There’s no doubt that the current economic downturn and the continued environmental degradation of the planet are frightening. I’ll admit it: I’m scared. I believe we can solve these problems, but I am not 100 percent convinced we will. However, now that President Barack Obama has taken the helm, I’m more hopeful than I’ve been in years that progress can be made.
This point was made abundantly clear to me during the Sacramento Metro Chamber of Commerce’s annual Cap-to-Cap event, when I and nearly 300 other Sacramentans traveled en masse to our nation’s capital to speak with legislators on our region’s behalf.
It particularly hit home during a private meeting with Senate Majority Leader Harry Reid.
I jumped at the chance to meet Sen. Reid, because our sister paper in Reno is currently researching two complex but related issues in his arid home state of Nevada. The first is the state’s continuing water shortage, caused in part by the reliance on alfalfa, which accounts for the vast majority of Nevada’s agricultural production and requires intensive irrigation. The second and related issue concerns the lack of locally grown produce and food, which is vital not only for our health, but our survival in an energy-depleted future.
Fortunately, there’s a single solution that addresses both problems: We can decrease water use and help local farmers by creating better marketing opportunities for produce through farmers’ markets and community-supported agriculture collectives, which provide boxes of seasonal, locally grown items such as produce, eggs, meat, cheese and flowers. Which is why I wanted to talk to Sen. Reid.
What’s amazing about talking to people like Sen. Reid is their vast breadth of knowledge. In 25 minutes, he covered the declining water levels in Walker Lake, the irrigation requirements for everything from tomatoes to alfalfa and changes in the U.S. Department of Agriculture’s approach to sustainability programs.
As he spoke, Reid tied the topics together with government policies; you could almost see policy being created, implemented and developed as he spoke.

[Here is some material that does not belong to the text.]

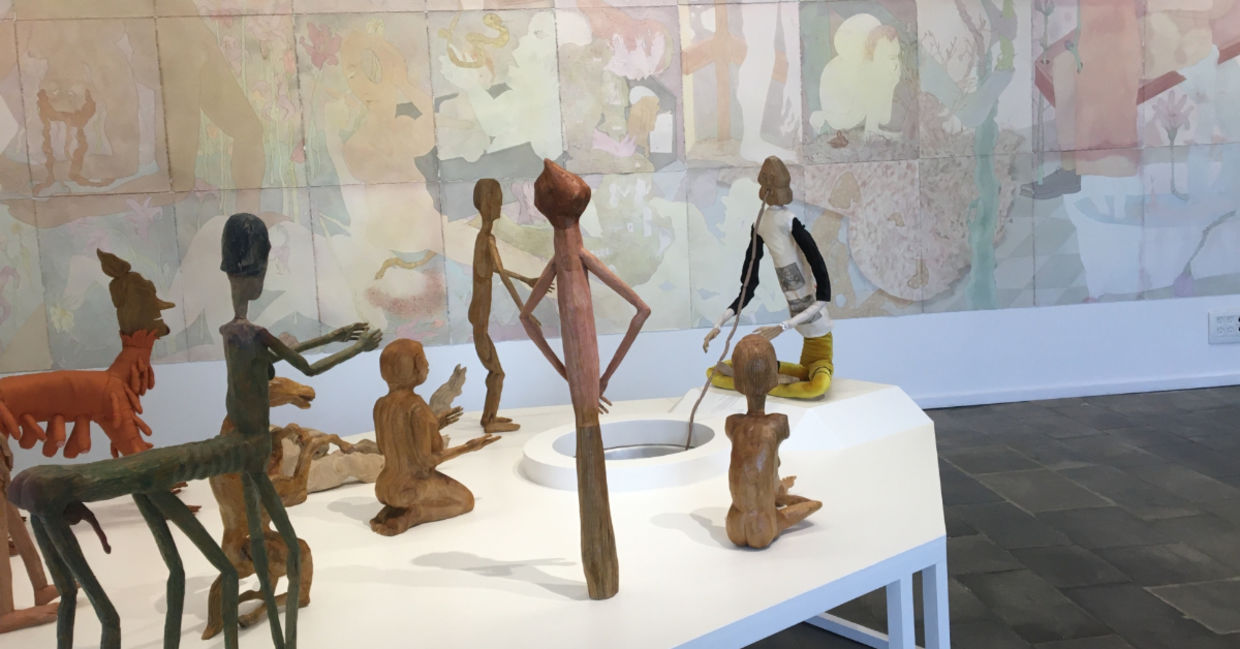 The exhibition at Artport. The exhibition at Artport.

While in D.C., I also met with people at the USDA, who gave me a sense of how different things are running now that the Obama administration has taken control. Issues such sustainable agriculture practices and water conservation are back on the table, as opposed to the previous administration, which favored politics over science.
In fact, throughout my four days in Washington, there was an underlying vibe that was felt but never said: Ding-dong, the witch is dead, and finally, we can get back to working for the American people.
Times of disaster, war and economic depression often remind us of not only how interconnected we are to each other, but also of the critical role the federal government can play in solving local problems. I left Washington feeling like we actually now have a government that can and will work with us.